Here again, two weeks in a row!
I have begun a reflection/review on The Burgess Boys, but once again, I got caught up in reading and put aside my writing. So I took a break from thinking about brothers Bob and Jim to read about completely different characters – brothers Patrick and Jack.
I also turned from from literary fiction,back to crime. Amazon sent me a link on what the author Michael Connelly is reading. I love Connelly’s work, so I decided to read the first book on his list, Michael Koryta’s Those Who Wish Me Dead. Not Connelly, but good nevertheless.
Those Who Wish Me Dead places a 14-year-old Jace Wilson in an alternative to a witness protection program after he sees two men murder another. Jace becomes Connor and joins a survival program for troubled teens in the mountains of Montana under the direction of Ethan Serbin. Along with eight or so other boys he will live in the mountains and learn to survive and, his parents believe, no one will know to follow him there.
Except the brutal Blackwell brothers somehow do and kill and hurt others along the way in their pursuit of Jace. What was to be survival school turns into a real survival situation for both instructor and teen as Jace is hunted down by calculating predators. Along the way the brothers threaten and use a sheriff, then Ethan’s wife Allison, then Ethan to find Jace.
Two elements of Koryta’s craft standout.
First, dialogue. The Blackstone brothers converse about Allison, then Ethan, in the presence of each as if they weren’t there (the way not-so-professional pediatricians or teachers might talk to parents about a child while the child is present). They objectify their prey even as they show how they live in a world all their own. The result, coupled with their brutality, is truly creepy.
Second, Koryta’s ability to insert orienteering skills and survival lessons – how to create shelter from a plastic sheet, how to build a fire, how to think like a survivor into his story adds interesting expert information. He furthers the survival element by adding fire and a fire-fighting expert Hannah Faber, who joins Jace in his quest to escape the Blackstone brothers.

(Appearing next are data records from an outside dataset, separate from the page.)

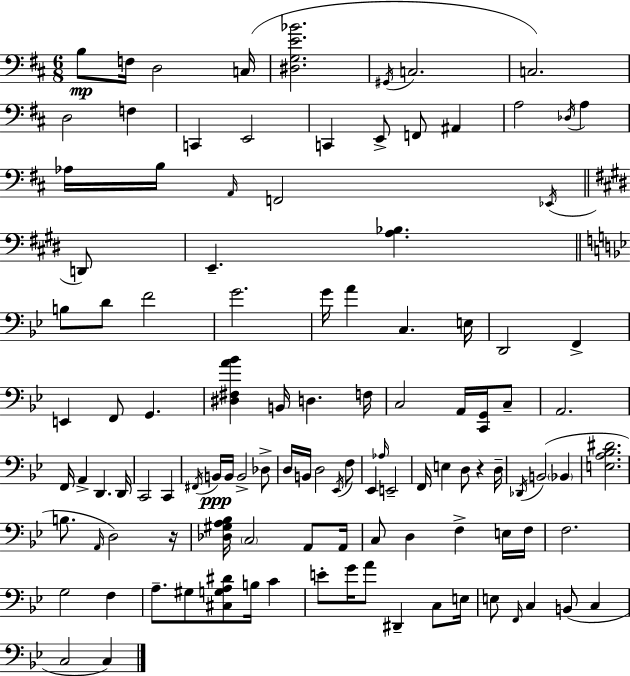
X:1
T:Untitled
M:6/8
L:1/4
K:D
B,/2 F,/4 D,2 C,/4 [^D,G,E_B]2 ^G,,/4 C,2 C,2 D,2 F, C,, E,,2 C,, E,,/2 F,,/2 ^A,, A,2 _D,/4 A, _A,/4 B,/4 A,,/4 F,,2 _E,,/4 D,,/2 E,, [A,_B,] B,/2 D/2 F2 G2 G/4 A C, E,/4 D,,2 F,, E,, F,,/2 G,, [^D,^F,A_B] B,,/4 D, F,/4 C,2 A,,/4 [C,,G,,]/4 C,/2 A,,2 F,,/4 A,, D,, D,,/4 C,,2 C,, ^F,,/4 B,,/4 B,,/4 B,,2 _D,/2 D,/4 B,,/4 D,2 _E,,/4 F,/2 _E,, _A,/4 E,,2 F,,/4 E, D,/2 z D,/4 _D,,/4 B,,2 _B,, [E,A,_B,^D]2 B,/2 A,,/4 D,2 z/4 [_D,^G,A,_B,]/4 C,2 A,,/2 A,,/4 C,/2 D, F, E,/4 F,/4 F,2 G,2 F, A,/2 ^G,/2 [^C,G,A,^D]/2 B,/4 C E/2 G/4 A/2 ^D,, C,/2 E,/4 E,/2 F,,/4 C, B,,/2 C, C,2 C,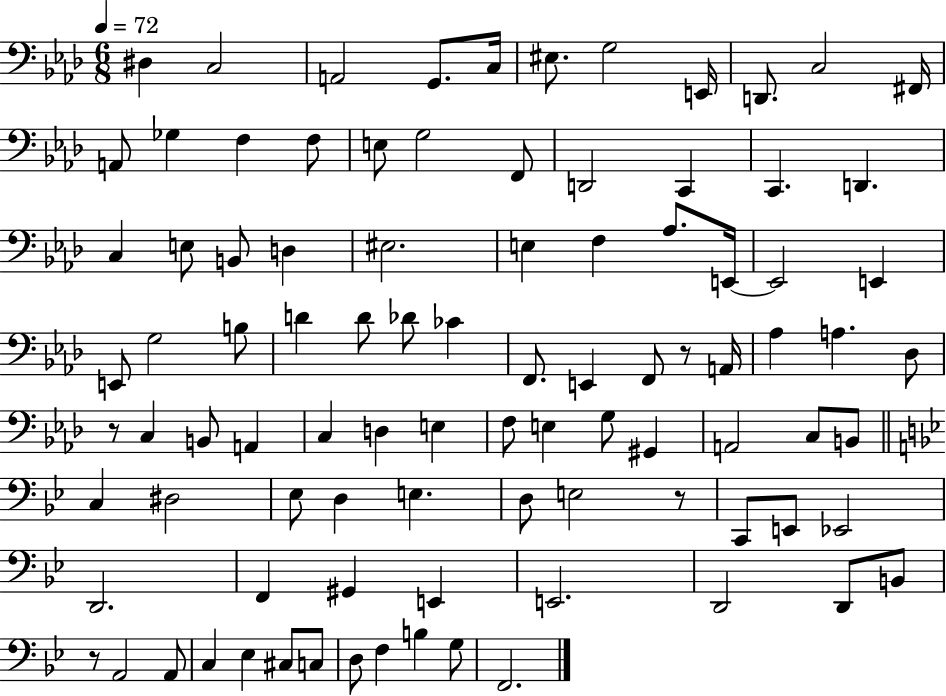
X:1
T:Untitled
M:6/8
L:1/4
K:Ab
^D, C,2 A,,2 G,,/2 C,/4 ^E,/2 G,2 E,,/4 D,,/2 C,2 ^F,,/4 A,,/2 _G, F, F,/2 E,/2 G,2 F,,/2 D,,2 C,, C,, D,, C, E,/2 B,,/2 D, ^E,2 E, F, _A,/2 E,,/4 E,,2 E,, E,,/2 G,2 B,/2 D D/2 _D/2 _C F,,/2 E,, F,,/2 z/2 A,,/4 _A, A, _D,/2 z/2 C, B,,/2 A,, C, D, E, F,/2 E, G,/2 ^G,, A,,2 C,/2 B,,/2 C, ^D,2 _E,/2 D, E, D,/2 E,2 z/2 C,,/2 E,,/2 _E,,2 D,,2 F,, ^G,, E,, E,,2 D,,2 D,,/2 B,,/2 z/2 A,,2 A,,/2 C, _E, ^C,/2 C,/2 D,/2 F, B, G,/2 F,,2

In an ironic coincidence in my reading life, the Blackstone brothers turn out to be the Burgess brothers. Thomas and Michael Burgess took on the aliases Patrick and Jack Blackstone after arriving from Australia.
The Burgess Boys--Jim and Bob -- are much more complex and civilized (and harder to write about) than Burgess brothers Thomas and Michael, but stories of both engage me in very different ways.
Next on reading list: Chris Bohjalian’s The Sandcastle Girls(for book group) and Niall Williams’s History of Rain (another long-listed Booker).